休日の朝、目覚ましをかけずに起きた日って、なんだか得した気分になる。
窓から差し込む光の角度で、ああ今日は10時過ぎだなって分かる。平日なら絶対にありえない時間。そんな罪悪感ゼロの朝に、私はゆっくり洗面所に向かって、引き出しの奥にしまってある小さな木箱を取り出す。ここに入っているのは、普段使いじゃない特別なコスメたち。オーガニックとか、ナチュラル成分とか、そういう謳い文句のやつ。正直、平日の慌ただしい朝には手が伸びない。だって時間かかるんだもん。
自然派コスメって、なんていうか、急いでる時には向いてないんだよね。テクスチャーがゆっくり肌に馴染んでいく感じで、ファンデーションも薄づきだから、何度か重ねないとカバー力が出ない。でも休日の今日は違う。時間はたっぷりある。誰にも会わない予定だし、むしろこのゆっくりした工程そのものを楽しみたい気分。
最初に手に取るのは、ホホバオイルベースの化粧下地。手のひらで温めてから顔に押し当てると、ほんのり甘い香りが鼻をくすぐる。ラベンダーとカモミールが入ってるらしい。この香り、嗅ぐたびに思い出すのが、大学時代に友達と行った伊豆の民宿なんだけど。あそこの女将さんが自家製のハーブ石鹸を作ってて、朝の洗顔で使わせてもらったら、似たような香りがしたんだよね。
あの旅行、確か梅雨の晴れ間だった。
鏡の中の自分の顔を見ながら、指先でくるくると下地を馴染ませていく。急がなくていいって分かってると、不思議と肌に触れる自分の手つきまで優しくなる気がする。普段はもっと雑に塗りたくってるくせに。ファンデーションは、ミネラルパウダーの方を選ぶ。ブラシでふわっと乗せると、粉っぽさが最初はあるんだけど、時間が経つと皮脂と混ざっていい感じに落ち着くんだよね、これ。「ヴェルディナチュール」っていうブランドの商品で、去年の誕生日に自分へのご褒美で買ったやつ。

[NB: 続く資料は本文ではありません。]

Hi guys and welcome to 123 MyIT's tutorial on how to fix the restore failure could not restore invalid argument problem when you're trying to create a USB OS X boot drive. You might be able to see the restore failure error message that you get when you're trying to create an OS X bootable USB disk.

チークも自然派のものにすると、発色がすごく穏やか。オレンジがかったピンクを頬にのせると、じんわり血色が良くなる感じ。ギラギラしたパール感とか一切ないから、すっぴん風なのに、ちゃんと整ってる顔になる。これが好き。外に出る予定がない日だからこそ、こういう「誰のためでもない化粧」ができる贅沢。
眉毛を描いて、リップクリームを塗って。口紅じゃなくて、色付きのリップクリーム。ほんのり色づく程度で十分。鏡を覗き込むと、そこにいるのは「今日はどこにも行かないけど、ちゃんとしてる私」。なんか、それだけで満足しちゃう。

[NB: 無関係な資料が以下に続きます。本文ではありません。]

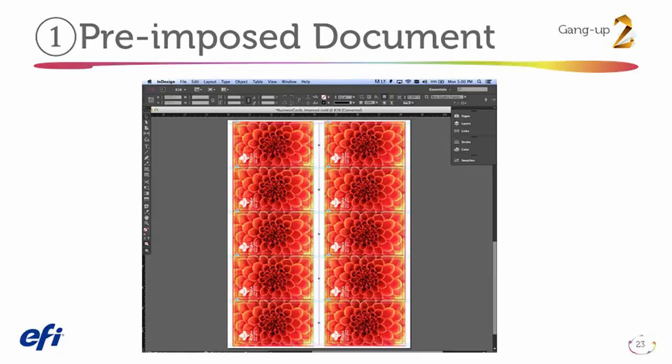Here's an example of a business card order that's already pre-imposed. Because the customer's designer is not familiar with digital print production, the design is likely not optimized for the sheet size available at the print shop, and this layout may not fit within the imageable area of the printer, since different printer models have different imageable print areas.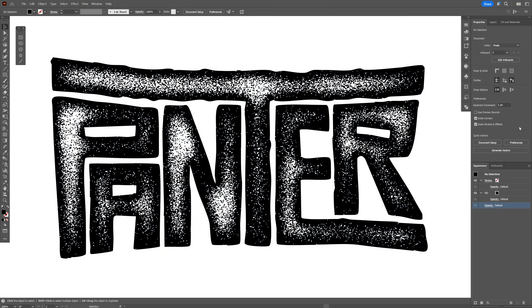And that's how I make this grungy grainy text effect here in Illustrator. Thanks for watching.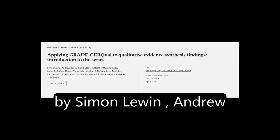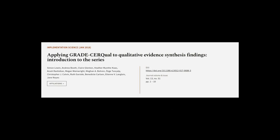This article was authored by Simon Lewin, Andrew Booth, Claire Glenton, and others. We are article.tv — links in the description below.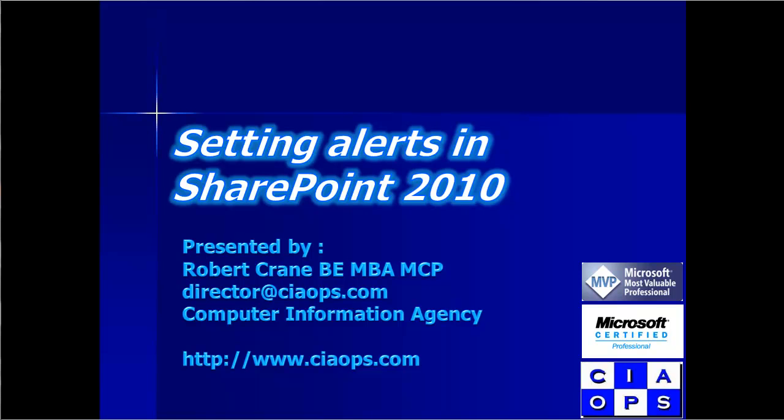Welcome along to another video presentation from the Computer Information Agency. My name is Robert Crane and in this video we'll have a look at setting alerts in SharePoint 2010.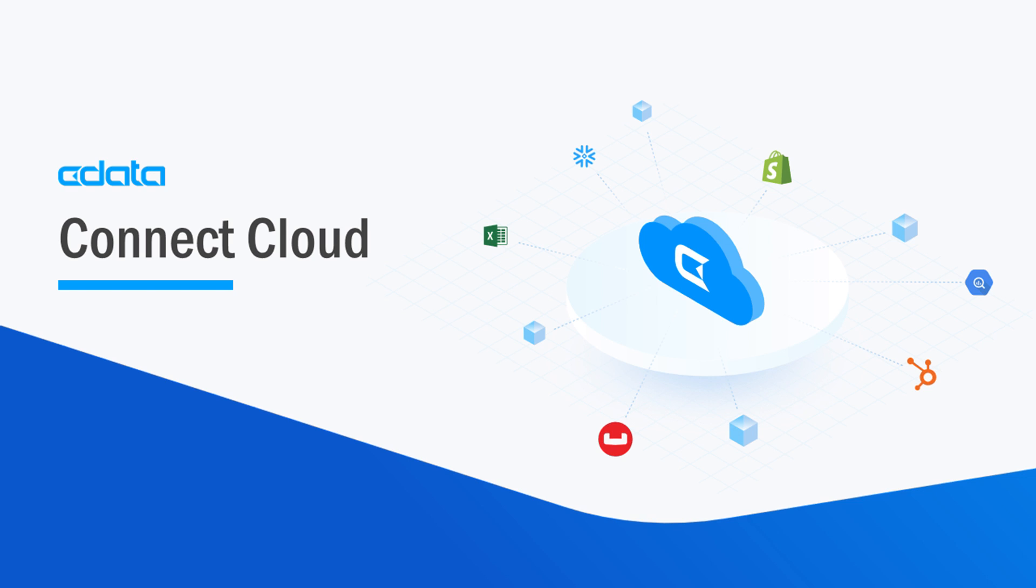CData Connect Cloud provides access to your MongoDB data in Google Sheets. With Connect Cloud's data connectivity as a service, you can easily work with your cloud data in your preferred cloud tools and applications.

キッチンに行って、コーヒーを淹れる。豆を挽く音が部屋に響いて、それもまた休日っぽい。ドリップしてる間、窓の外を眺める。隣の家の猫が塀の上を歩いてる。平和だなあ。
ソファに座って、淹れたてのコーヒーを一口飲む。苦味が舌に広がって、ふう、って息を吐く。顔に塗った自然派コスメの香りが、まだほんのり残ってる。ラベンダーとコーヒーって、意外と合うかも。
自然派コスメを使うと、なんていうか、自分の肌と対話してる感覚になる。ケミカルなやつって、塗った瞬間からバシッと効果が出るじゃん。毛穴消えるとか、シミ飛ぶとか。でも自然派は違う。じわじわ、ゆっくり。肌が本来持ってる力を引き出す、みたいな。まあ、それが本当かどうかは知らないけど、少なくともそう思わせてくれる。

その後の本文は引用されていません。